It is an interesting observation that sometimes the head direction cells became erratic or even silent during the constant unidirectional rotation in the dark and that this erratic firing was sometimes preserved when the lights were turned back on (Fig. 11). This may be an indication that when the rat becomes hopelessly disoriented, the firing of head direction cells breaks down (or vice versa). An anecdotal observation, made when recording from a head direction cell while a rat explored an object in a completely novel environment with many external visual landmarks, supports this. During the exploration, the platform on which the rat was exploring was rotated slowly and constantly. The head direction cell initially maintained a sharply defined tuning curve, but its preferred direction drifted continuously as the rat's attention was focused apparently on the object it was exploring rather than on the distal cues. Eventually, however, the cell ceased firing altogether. Although it has been shown that under conditions of tight restraint, head direction cells and place cells can become silent (Foster et al. 1989; Knierim et al. 1995; Taube et al. 1995a), these results demonstrate that head direction cells can become erratic or even silent under conditions where a normal animal was free to move.
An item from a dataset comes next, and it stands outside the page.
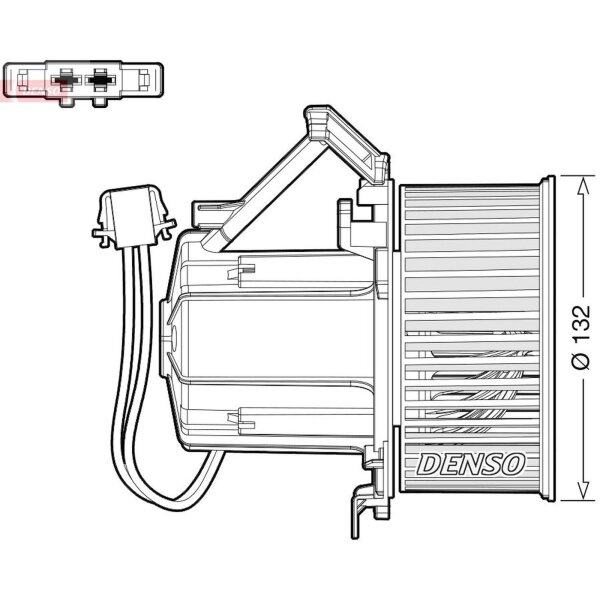DENSO DEA02009 Innenraumgebläse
Unfortunately, multiple head direction cells were not recorded under these circumstances to ascertain whether all cells became erratic during these instances.
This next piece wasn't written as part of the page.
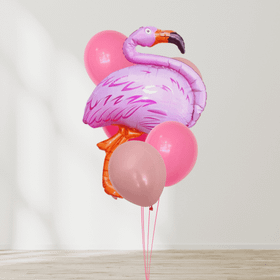 Ballongbukett - Let's Flamingle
Place field drift experiment

The results of the place field drift experiment add further support to data reported in Knierim et al. (1995) that hippocampal place fields can be dissociated from external sensory landmarks but that their relationships remain tightly coupled to each other and to the head direction cell system. If place cells were bound independently to different landmarks in the environment, one would expect that, when the cells become decoupled from the only salient landmark, they should each react in different ways. Instead, the system maintains its internal spatial relationships as the spatial map drifts with respect to the external world. Thus place cell selectivity is most likely affected primarily by the firing of other place cells and by information about head direction and linear motion, and only secondarily by the influence of external landmarks, the role of which is to keep the internally coherent spatial map oriented properly.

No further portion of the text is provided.